The government has a close relationship with the Sri Lankan government, which provides advice to ASIO and the Australian government as to which Sri Lankan asylum seekers they consider to be security risks. As a result 55 people are now effectively under a life sentence in Australian detention centres.

The Australian government also “screens out” Sri Lankan asylum seekers whom it deems to be “economic refugees”, and forcibly repatriates them. The government wants to have a similar relationship with other countries in our region, as well as similar arrangements for dealing with asylum seekers, and has allocated $65.8 million over four years to help other nations conform to our requirements.

Moreover, the government has allocated $205.8 million to help our border agencies cope with increasing asylum seeker inflows, $88.6 million for cooperation with neighbouring border agencies, and $84.8 million for maritime and aerial surveillance – in total, nearly $380 million.

And now the good news

There are small signs that a more humane approach is emerging in government ranks. Federal Immigration Minister Brendan O’Connor has declared that the current rate of people arriving by boat is “not acceptable in terms of the risks to human life, or the impact of the budget.”
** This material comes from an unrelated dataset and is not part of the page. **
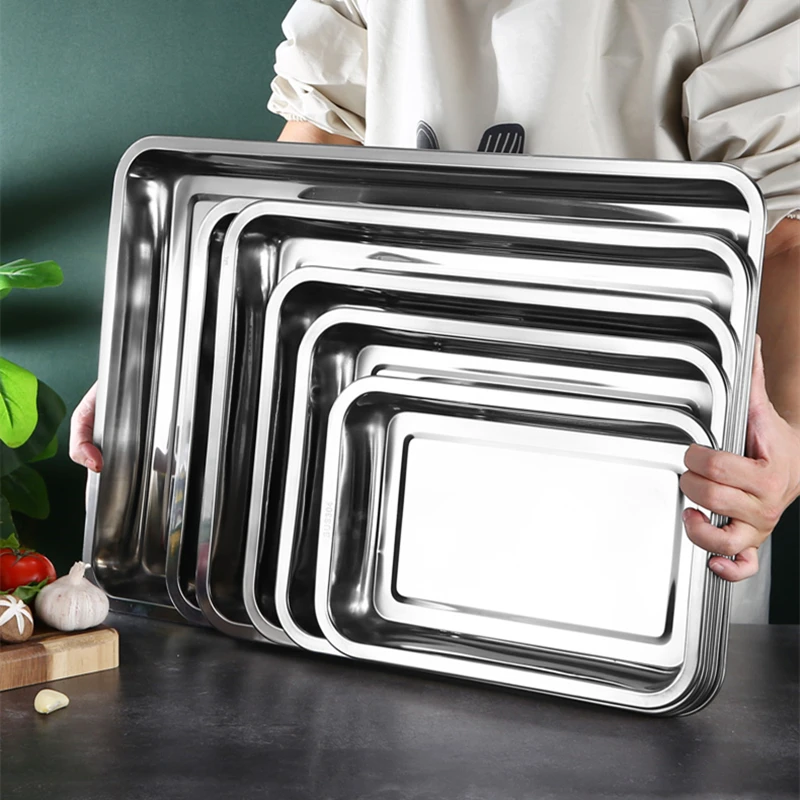 ステンレス鋼バーベキュー茶収納サービングトレイ長方形蒸し米ソ - Food Storage For Restaurant のレビューと価格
He has stated that some asylum seekers would be released on bridging visas into the community, albeit with no right to work and with little or no financial support, while their applications for asylum are heard.

In an amazing admission he added: “The alternative to putting asylum seekers in the community is to detain people while their claims for protection are assessed. This is not only expensive; it takes a toll on people’s mental health and well being.”

Exactly! O’Connor’s statement immediately brings into question the whole validity of the mandatory detention policy, which maximises the number of detainees and the length of their detention, and the offshore processing policy, which maximises the average cost of detaining them.

Senator Trish Crossin, recently dumped by the Prime Minister for preselection as a Northern Territory Senate candidate, has chaired a parliamentary inquiry that found there was no reasonable justification for excluding refugees from appealing adverse security assessments by ASIO, a right that citizens and permanent residents enjoy.

That finding will be welcomed by 55 asylum seekers who are currently under indefinite detention. Some have been detained for more than four years, with no prospect of ever being released, like the prisoners held in the notorious US Guantanamo Bay centre.

But perhaps the best news of all is that a team of four key lawyers led by human rights barrister Julian Burnside is to launch a legal challenge in the Nauru Supreme Court regarding the constitutional validity of detaining asylum seekers on Nauru.

A previous legal challenge narrowly prevented the government from detaining asylum seekers in Malaysia. If the current challenge is successful, the government will be prevented from sending detainees to Nauru and the off-shore detention policy will be thrown into doubt.

Let’s hope the case is dealt with speedily. The Liberal/National Coalition has expressed no compunction about forcibly repatriating asylum seekers, “turning the boats around”, or keeping children in detention.

Liberal shadow attorney-general George Brandis recently condoned the continued imprisonment of the ASIO-branded detainees, remarking with a vicious sneer that they “had no one to blame but themselves” for their plight.

Both the major parties have endorsed our participation in wars which have caused hundreds of thousands of people to seek refuge in other countries, including Australia. Regardless of who wins the September elections, it would be wonderful to have the odious and shameful policy of offshore detention laid to rest by a judicial review.